Soon after, Wall Street lobbyists called the office of House Majority Leader Kevin McCarthy urging the Republican lawmaker to drop it, according to three people with knowledge of the talks. The lobbyists told his staff the legislation wasn’t a high priority to big banks and not worth the public backlash being stirred up by Warren, Pelosi and Waters, a California Democrat, the people said.

Republicans proceeded anyway. The bill passed a week later with the support of only 29 of the House’s 188 Democrats. It hasn’t been taken up by the Senate.

Taxpayers at Risk

Even though they lost the House vote, Warren, Pelosi and Waters cemented Democratic opposition to further changes to Dodd-Frank in the process.
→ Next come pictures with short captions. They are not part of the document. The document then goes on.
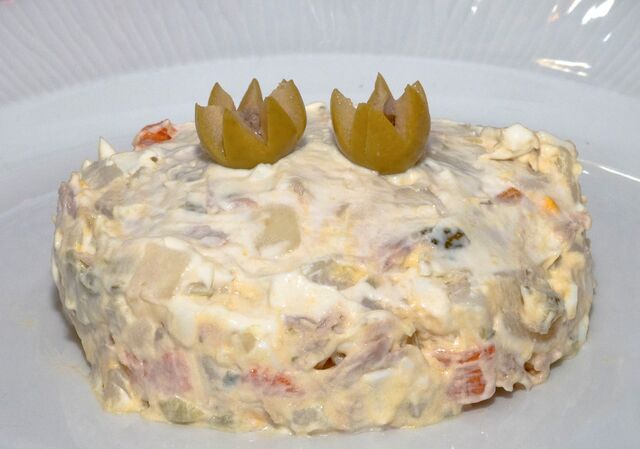 Ensaladilla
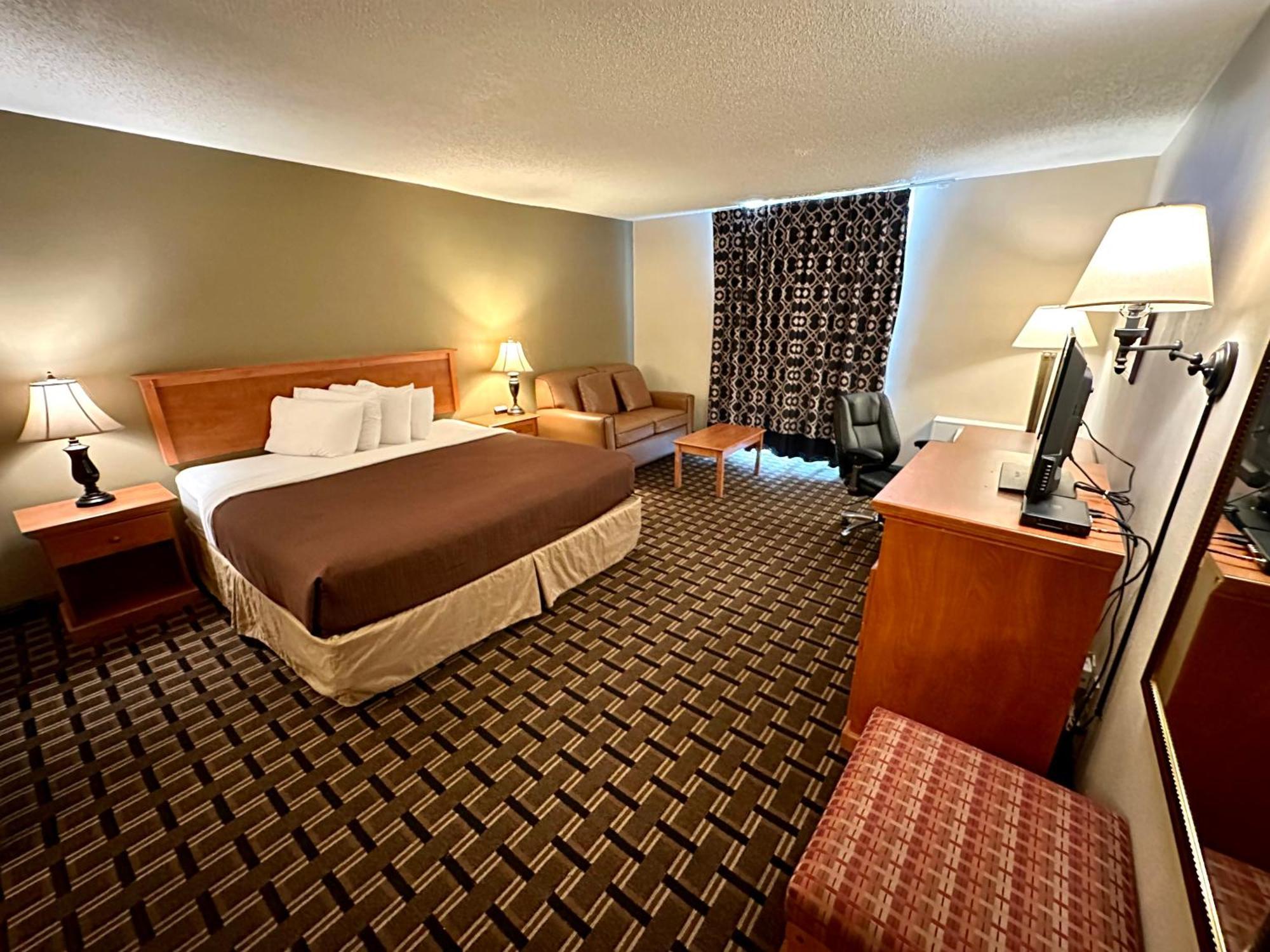 Fairbridge Inn & Suites - Lewiston Exteriör bild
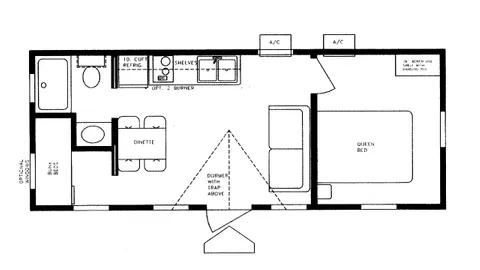 Laurel Mountain Mist Cabin — image 7 of 7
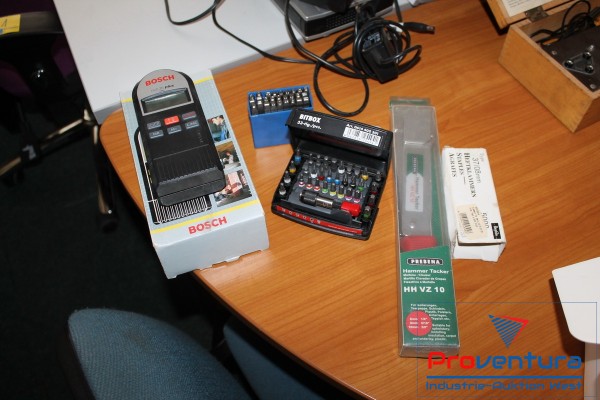 Bild Entfernungsmesser BOSCH DUS 20 Plus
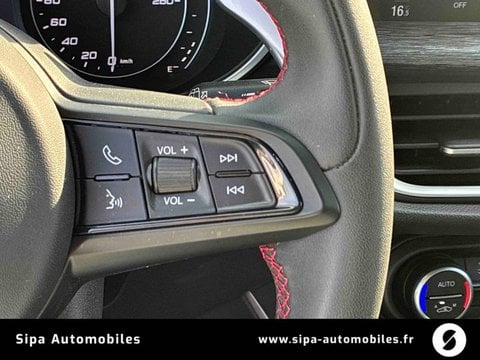 Voitures D'occasion À Toulouse | Alfa Romeo Stelvio 2.2 160 Ch At8 Super 5P
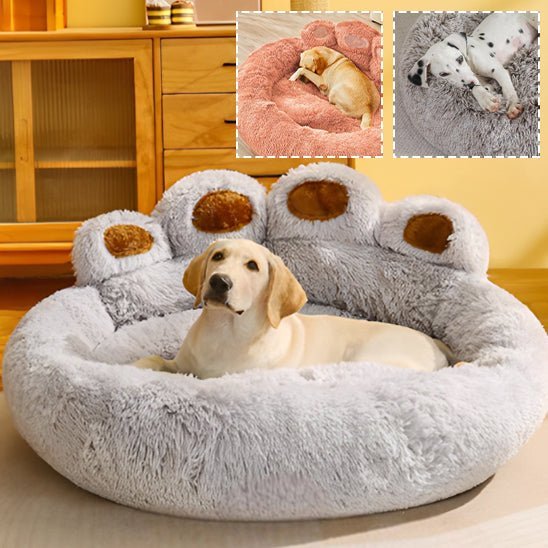 Fluffy/Cushion™ - Chien Précieux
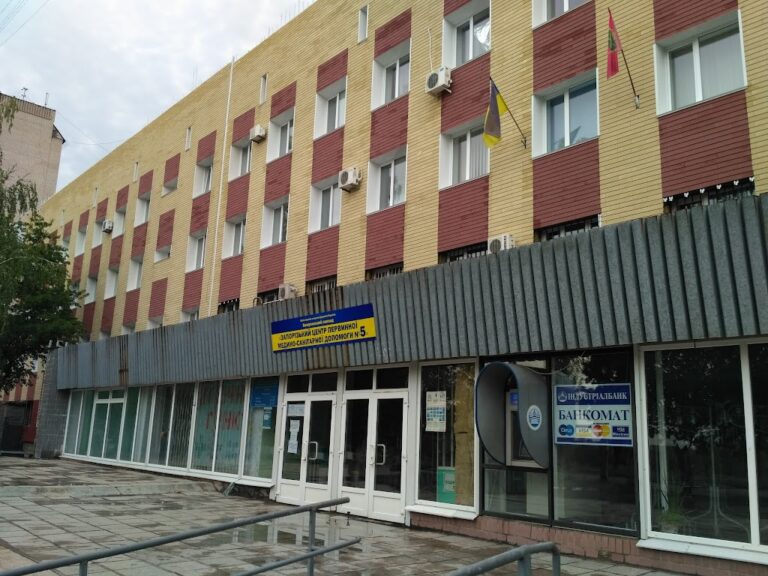 Із 5 амбулаторій залишаться 3: у Запоріжжі оптимізують центри первинної медичної допомоги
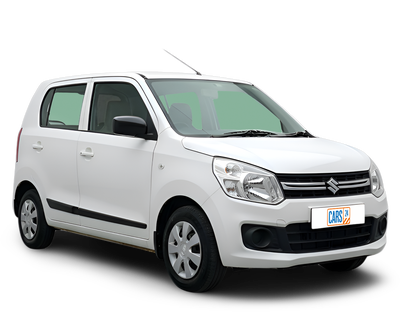 2022 Maruti New Wagon-R - Hatchback - CNG - Manual - ₹4.38 lakh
They built on support gained in the December debate on derivatives, when during a week of TV interviews and press conferences they portrayed Wall Street as putting taxpayers at risk so soon after the financial crisis.

The vocal opposition has affected some Democrats, including Representative Jim Himes, a former Goldman Sachs Group Inc. executive whose Connecticut district is home to major hedge funds.

Himes was an early advocate of repealing the derivatives measure, a change that lets JPMorgan Chase & Co., Citigroup Inc., Bank of America Corp. and other banks keep trading swaps in divisions with government backstops.

Now, Himes is staying away from Dodd-Frank. He told a group of banking lobbyists earlier this month that he won’t be backing any revisions to the law, given the current political climate, according to three people who attended the meeting.

“I’m going to hold off on commenting on Dodd-Frank,” Himes said last week during a brief interview. “I’d rather not weigh into something as controversial as this.”

‘Dodd-Frank a Lightning Rod’

Himes’s office later issued a statement in which the lawmaker said “this is an environment in which proposed changes to Dodd-Frank, meritorious or otherwise, are a lot less likely to get a dispassionate hearing.”